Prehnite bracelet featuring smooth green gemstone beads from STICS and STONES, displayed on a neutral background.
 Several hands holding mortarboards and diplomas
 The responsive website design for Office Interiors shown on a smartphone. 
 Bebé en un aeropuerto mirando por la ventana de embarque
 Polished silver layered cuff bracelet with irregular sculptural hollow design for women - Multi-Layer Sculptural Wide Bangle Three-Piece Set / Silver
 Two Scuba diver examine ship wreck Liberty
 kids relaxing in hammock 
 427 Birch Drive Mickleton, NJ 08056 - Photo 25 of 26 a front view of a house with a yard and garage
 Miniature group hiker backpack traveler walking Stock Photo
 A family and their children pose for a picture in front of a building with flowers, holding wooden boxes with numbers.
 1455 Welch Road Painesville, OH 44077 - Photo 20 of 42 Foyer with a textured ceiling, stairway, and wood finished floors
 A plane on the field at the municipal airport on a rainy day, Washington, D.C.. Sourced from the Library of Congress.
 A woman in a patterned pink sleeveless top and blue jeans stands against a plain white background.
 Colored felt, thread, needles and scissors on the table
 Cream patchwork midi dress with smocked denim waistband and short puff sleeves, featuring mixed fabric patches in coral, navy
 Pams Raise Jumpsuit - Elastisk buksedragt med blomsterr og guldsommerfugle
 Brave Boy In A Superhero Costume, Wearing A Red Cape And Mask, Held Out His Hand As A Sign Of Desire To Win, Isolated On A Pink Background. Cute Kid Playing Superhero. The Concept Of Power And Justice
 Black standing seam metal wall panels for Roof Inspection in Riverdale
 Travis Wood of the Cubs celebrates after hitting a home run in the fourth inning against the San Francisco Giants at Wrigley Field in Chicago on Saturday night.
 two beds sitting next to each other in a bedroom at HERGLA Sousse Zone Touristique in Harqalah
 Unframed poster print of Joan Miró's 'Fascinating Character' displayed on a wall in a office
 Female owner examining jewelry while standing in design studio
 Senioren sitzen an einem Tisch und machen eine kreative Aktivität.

== EXERCISE OBJECTIVE ==
For the string "wall", search the preceding data and copy every line that includes it.

== SOLUTION TO THIS PROBLEM ==
 Black standing seam metal wall panels for Roof Inspection in Riverdale
 Unframed poster print of Joan Miró's 'Fascinating Character' displayed on a wall in a office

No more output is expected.